Duclair was once a promising prospect, putting up strong junior numbers after being drafted in the third round by the New York Rangers (in 2013). His chemistry with Max Domi at the 2015 World Junior Championship, and eventual trade from the Rangers to Arizona, led many to believe the Coyotes had a dangerous one-two punch on their hands. However, after an effective rookie campaign in 2015-16 (44 points in 81 contests), Duclair tailed off. He spent a portion of the following year in the American Hockey League, and played just 58 NHL games (scoring 15 points) in the process. Since then, things have not improved between the 22-year-old and the Coyotes, with Duclair now demanding a trade from the organization. With his value perhaps at an all-time low, and the Canucks lacking in scoring power, it makes sense for the team to target him.

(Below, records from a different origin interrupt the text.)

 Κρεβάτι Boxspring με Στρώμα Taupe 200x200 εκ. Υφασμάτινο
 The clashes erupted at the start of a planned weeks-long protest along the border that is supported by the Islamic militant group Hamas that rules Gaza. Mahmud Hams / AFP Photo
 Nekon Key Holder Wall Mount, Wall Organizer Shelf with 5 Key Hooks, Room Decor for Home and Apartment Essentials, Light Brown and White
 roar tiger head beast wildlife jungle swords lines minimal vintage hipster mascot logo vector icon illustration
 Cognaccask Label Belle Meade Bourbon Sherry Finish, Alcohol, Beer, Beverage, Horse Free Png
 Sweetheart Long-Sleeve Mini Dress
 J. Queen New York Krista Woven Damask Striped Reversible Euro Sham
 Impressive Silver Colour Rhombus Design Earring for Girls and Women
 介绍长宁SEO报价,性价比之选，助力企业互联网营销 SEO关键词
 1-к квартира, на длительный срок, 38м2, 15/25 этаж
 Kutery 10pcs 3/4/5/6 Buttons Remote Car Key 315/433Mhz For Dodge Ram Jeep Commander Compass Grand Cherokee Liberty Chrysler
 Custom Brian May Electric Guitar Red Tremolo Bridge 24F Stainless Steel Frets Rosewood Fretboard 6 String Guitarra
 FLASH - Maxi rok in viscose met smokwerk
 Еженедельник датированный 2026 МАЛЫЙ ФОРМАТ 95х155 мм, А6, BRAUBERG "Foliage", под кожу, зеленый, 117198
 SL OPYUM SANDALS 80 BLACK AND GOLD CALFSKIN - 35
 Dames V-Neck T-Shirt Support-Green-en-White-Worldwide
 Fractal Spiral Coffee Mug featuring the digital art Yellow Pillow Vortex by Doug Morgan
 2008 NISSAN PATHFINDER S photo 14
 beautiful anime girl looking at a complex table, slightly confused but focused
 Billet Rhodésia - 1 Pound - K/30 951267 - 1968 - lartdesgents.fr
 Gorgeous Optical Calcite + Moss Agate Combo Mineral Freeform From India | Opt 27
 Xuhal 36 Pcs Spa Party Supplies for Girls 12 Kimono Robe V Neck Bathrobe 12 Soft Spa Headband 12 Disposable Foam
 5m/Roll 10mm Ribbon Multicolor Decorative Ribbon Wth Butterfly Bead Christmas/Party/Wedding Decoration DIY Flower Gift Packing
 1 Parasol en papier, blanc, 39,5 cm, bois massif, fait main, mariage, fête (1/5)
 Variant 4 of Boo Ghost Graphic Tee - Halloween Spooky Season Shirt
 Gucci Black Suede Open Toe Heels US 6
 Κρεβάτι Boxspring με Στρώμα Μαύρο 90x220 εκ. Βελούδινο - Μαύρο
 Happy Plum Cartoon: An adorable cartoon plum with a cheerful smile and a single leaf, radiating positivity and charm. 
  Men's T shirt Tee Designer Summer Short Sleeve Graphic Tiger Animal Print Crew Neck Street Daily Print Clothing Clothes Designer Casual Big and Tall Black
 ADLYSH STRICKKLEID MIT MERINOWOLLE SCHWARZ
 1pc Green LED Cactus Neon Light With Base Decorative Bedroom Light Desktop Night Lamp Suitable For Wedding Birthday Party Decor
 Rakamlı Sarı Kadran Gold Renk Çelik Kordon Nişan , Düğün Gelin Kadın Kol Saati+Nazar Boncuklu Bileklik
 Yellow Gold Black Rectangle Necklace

The big question regarding a deal with Duclair is what the Canucks would be willing to give up for him. Some have thrown around the idea of swapping Jake Virtanen, which is a risky proposition for the organization. While a poor selection at the time, Virtanen has shown signs of promise this year. Regardless of his ceiling, he looks to at the very least be an effective NHLer, whereas this is less certain with Duclair. However, it is possible that the organization would be willing to give up an early-to-mid-round pick for a project-esque player. The same could be said for rental-type players, such as Erik Gudbranson or Thomas Vanek, though this makes little sense from a Coyotes perspective.
What Duclair would offer the Canucks from a short-term point of view, is true base-line scoring ability. Aside from Brock Boeser (and, when healthy Bo Horvat and Sven Baertschi), and the occasional burst from the Sedin twins, Sam Gagner, or Vanek, there are few regular offensive contributions. Duclair would, at the very least, offer the possibility of goals, and could fit in nicely on the second unit power play.
With the team continuing to straddle the line - at least in theory - between competing and rebuilding, the upcoming trade deadline will be a defining moment in Benning’s legacy. Should he fully commit to the youth movement, the team will likely see an influx of draft picks and young talent (for the likes of Gudbranson and Vanek). Should he insist that the Canucks are indeed a playoff team, the moves may reflect a desire to not completely overhaul the roster. In either case, the acquisition of Duclair makes sense, and could pay dividends for the organization.